1. A liquid crystal display device comprising:

a plurality of gate lines extending in a row direction;

a plurality of source lines extending in a column direction; and

a plurality of pixels which is electrically connected to the plurality of gate lines and the plurality of source lines and is provided in a matrix,

wherein the plurality of pixels comprises: a transistor which is electrically connected to a first gate line and a first source line and includes an oxide semiconductor; and a pixel electrode electrically connected to the transistor,

wherein polarities of video signals input to the first source line are different from polarities of video signals input to the second source line which is provided to be adjacent to the first source line with the pixel electrode positioned therebetween, and

wherein a difference between a capacitance value of capacitance formed between the pixel electrode and the first source line and a capacitance value of capacitance formed between the pixel electrode and the second source line is greater than or equal to −10% and smaller than or equal to 10%.

2. The liquid crystal display device according to claim 1, wherein the pixel electrode has a planar shape which is almost symmetrical about a bisector of the first source line and the second source line.

3. The liquid crystal display device according to claim 1, wherein the distance between a first wiring and an end portion of the pixel electrode on the first wiring side is approximately the same as that between a second wiring and an end portion of the pixel electrode on the second wiring side.

4. The liquid crystal display device according to claim 1,

wherein a plurality of capacitor lines is provided in a same layer as the plurality of gate lines, and

wherein in each of the pixels, a capacitance value of the capacitor including one of the capacitor lines is smaller than or equal to 30 fF.

5. The liquid crystal display device according to claim 1, wherein 300 or more of the gate lines and 300 or more of the source lines are provided in each inch.

6. The liquid crystal display device according to claim 1, wherein the oxide semiconductor has a wider band gap and a lower intrinsic carrier density than silicon.

7. A liquid crystal display device comprising:

a plurality of gate lines extending in a row direction;

a plurality of source lines having an S-shaped curve; and

a plurality of pixels which is electrically connected to the plurality of gate lines and the plurality of source lines and is provided in a matrix,

wherein the plurality of pixels comprises: a transistor which is electrically connected to a first gate line and a first source line and includes an oxide semiconductor; and a pixel electrode electrically connected to the transistor,

wherein a channel length direction of the transistor are provided parallel to the low direction,

wherein a difference between a capacitance value of capacitance formed between the pixel electrode and the first source line and a capacitance value of capacitance formed between the pixel electrode and the second source line is greater than or equal to −10% and smaller than or equal to 10%.
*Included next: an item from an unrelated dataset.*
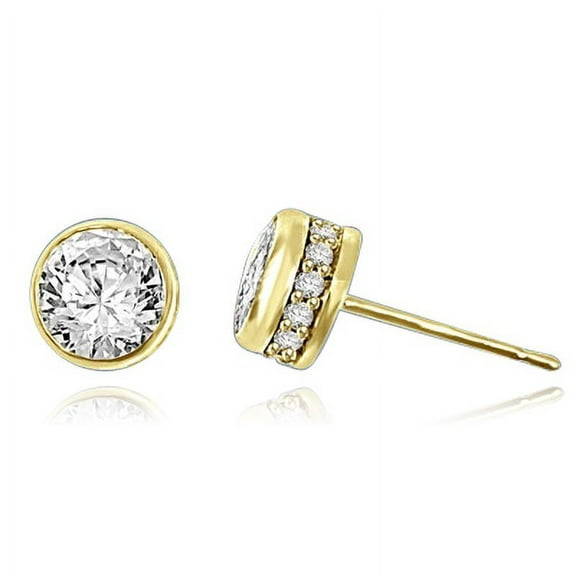 Bezel Set Stud Earrings with Simulated Round Brilliant Diamond and Melee by Diamond Essence set in Vermeil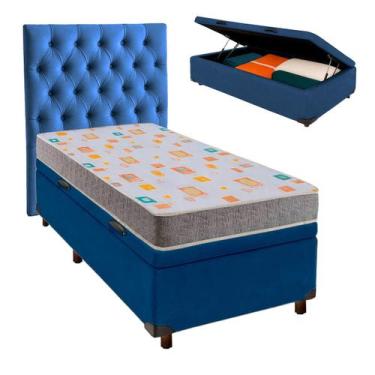 Imagem de Conjunto Cama Box Bau Azul Solteiro + Colchão D20 D20 Inducol + Cabece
8. The liquid crystal display device according to claim 7, wherein the pixel electrode has a planar shape which is almost symmetrical about a bisector of the first source line and the second source line.

9. The liquid crystal display device according to claim 7, wherein the distance between a first wiring and an end portion of the pixel electrode on the first wiring side is approximately the same as that between a second wiring and an end portion of the pixel electrode on the second wiring side.

10. The liquid crystal display device according to claim 7,

wherein a plurality of capacitor lines is provided in a same layer as the plurality of gate lines, and

wherein in each of the pixels, a capacitance value of the capacitor including one of the capacitor lines is smaller than or equal to 30 fF.

11. The liquid crystal display device according to claim 7, wherein 300 or more of the gate lines and 300 or more of the source lines are provided in each inch.

12. The liquid crystal display device according to claim 7, wherein the oxide semiconductor has a wider band gap and a lower intrinsic carrier density than silicon.